Plaintiff has no per se constitutional right to be single celled. In addition, placement in administrative segregation, in and of itself, does not implicate a protected liberty interest. See Serrano v. Francis, 345 F.3d 1071, 1078 (9th Cir. 2003). Because plaintiff's request for injunctive relief does not implicate a colorable constitutional claim, the motion should be denied. The court also observes that plaintiff does not yet have a colorable complaint on file.
Accordingly, IT IS HEREBY RECOMMENDED that:
1. Plaintiff's October 11, 2007, motion to certify this action as a class action (#15) be denied;
2. Plaintiff's motions for temporary restraining orders filed October 11, 2007 (#12), and May 30, 2007 (# 28), be denied.

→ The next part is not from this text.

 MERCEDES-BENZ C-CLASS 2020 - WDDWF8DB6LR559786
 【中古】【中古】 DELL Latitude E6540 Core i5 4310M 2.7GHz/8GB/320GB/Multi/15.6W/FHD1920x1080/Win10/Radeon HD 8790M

These findings and recommendations are submitted to the United States District Judge assigned to the case, pursuant to the provisions of 28 U.S.C. § 636(b)(l). Within twenty days after being served with these findings and recommendations, plaintiff may file written objections with the court. The document should be captioned "Objections to Magistrate Judge's Findings and Recommendations." Plaintiff is advised that failure to file objections within the specified time may waive the right to appeal the District Court's order. Martinez v. Ylst, 951 F.2d 1153 (9th Cir. 1991).